La pauvreté : culture héréditaire ?

Témoignages.re / 12 avril 2011

Selon O. Lewis, la pauvreté a sa structure et ses justifications propres et pour B. Brabant, il n’y a pas un modèle de définition de la pauvreté mais des formes de pauvreté.
De tout siècle, les pauvres se sont adaptés, leur nombre a augmenté. Mais quel est le remède contre son évolution ?
L’année 2010 a été décrétée par l’Europe l’année de la lutte contre la pauvreté.

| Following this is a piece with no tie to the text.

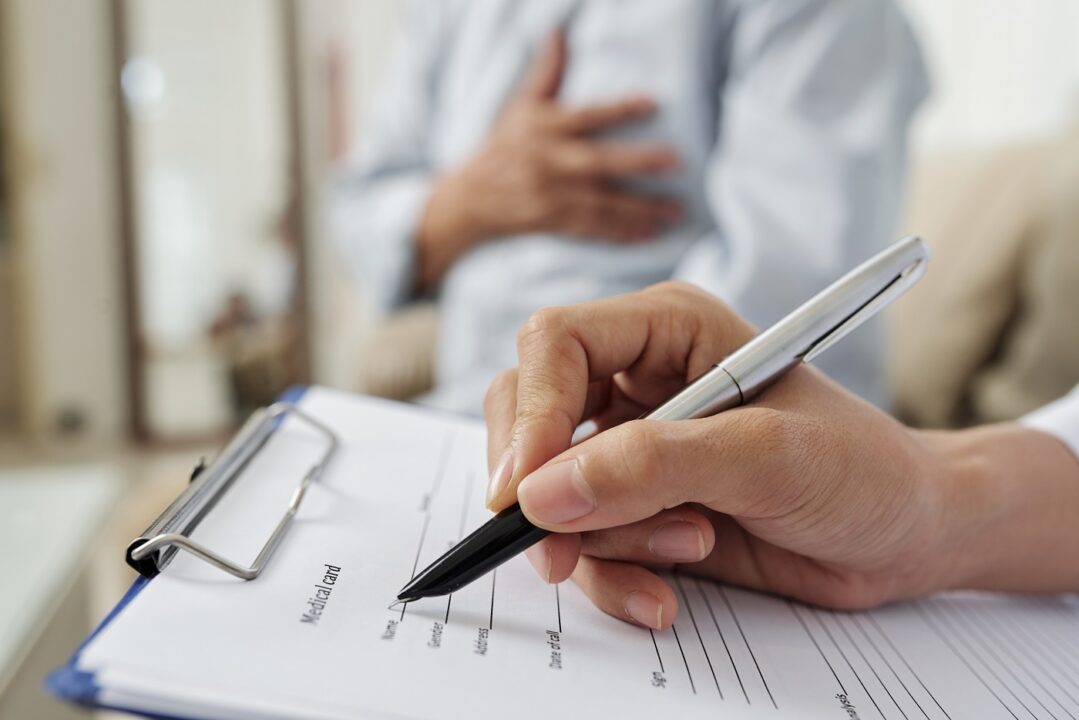Doctor Filling The Medical Card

Que constatons-nous à La Réunion, un tableau de bord de la pauvreté qui s’affiche de plus en plus rouge.
70% de personnes ne vivent qu’avec les prestations sociales (payées en retard de plus de deux mois des fois). 49% vivent en dessous du seuil de la pauvreté. 30% de travailleurs sont pauvres. Un nombre de personnes en situation de surendettement croissant…
Les prix n’arrêtent pas d’augmenter (les énergies, les produits de consommation, les services…)
Tout cela dans un environnement de chômage pesant, de précarité croissante, d’activités économiques perturbées et en difficultés, du bâtiment en crise, de construction de logement en baisse, d’éducation en perdition…
Avec ce mal-être profond, la faiblesse physique et morale aggrave les conséquences.
Si la lutte contre la pauvreté donne ces résultats-là, qu’en sera-t-il lorsque plus personne ne luttera contre la pauvreté ?
Pour ceux qui traversent cette atmosphère de génération en génération, il est grand temps d’être acteur du changement, changez autrement…
Une des armes de lutte durable contre le fléau de la pauvreté et de la précarité, est le travail.